For the ceviche....
- 250g Sea bass skinless & boneless, Cubed to roughly 1cm
- ½ tsp salt
- Juice of 3 limes
- Juice of 1 Lemon
- 1/4 Red Onion, sliced wafer thin
- 1 Red Chilli, finely sliced
- Small bunch of coriander, roughly chopped
- Add the citrus juices to a small mixing bowl and combine with the salt. Refrigerate until chilled.
- Add the Chilli if using and leave for a few minutes then add the fish. Check the seasoning it can often need a touch more salt.
- Divide between serving bowls and decorate with the red onion and coriander if desired.
- Serve immediately.
- ½ Cup Sesame seeds (white,black or a mixture)
- ½ Cup Ground Flaxseed
- 1 Large Egg, separated white only
- ½ Tsp Salt
- ½ Tsp Black Pepper
- Preheat oven to 190 degrees
- Mix all the above ingredients. Leave to sit for 5 minutes.
- Take a silicone baking mat. ( it really can't be substituted for anything else) and use a teaspoon to make evenly spread (about 5cm apart) little mounds of the mixture.
- Now you want to flatten the mounds into round discs. This can be a little tricky at first whilst you get used to the sticky nature of the mixture.

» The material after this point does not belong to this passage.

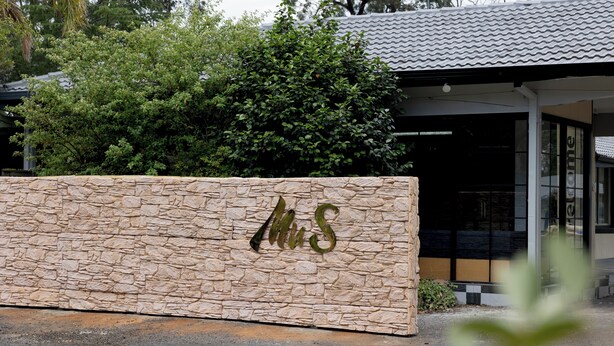 A stone wall with the inscription "MUS" in the foreground, a modern building with a tiled roof, and a tree in the background. - Mu S Boutique Motel (Coonabarabran)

- Use the back of the spoon or your fingers to flatten down. Or you can also lay a piece of clingfilm down and gently roll with a rolling pin until roughly 3mm. Peel the clingfilm away very carefully as it can stick. Most important thing to remember is they don't have to be neat and uniform, rustic is great!!
- Cook in the oven for 8-10 minutes. The crackers should be dry and golden. Set aside to cool completely before enjoying.
- Once you have mastered it you can add a pinch of your favourite spice such as turmeric, cumin & paprika for more flavour.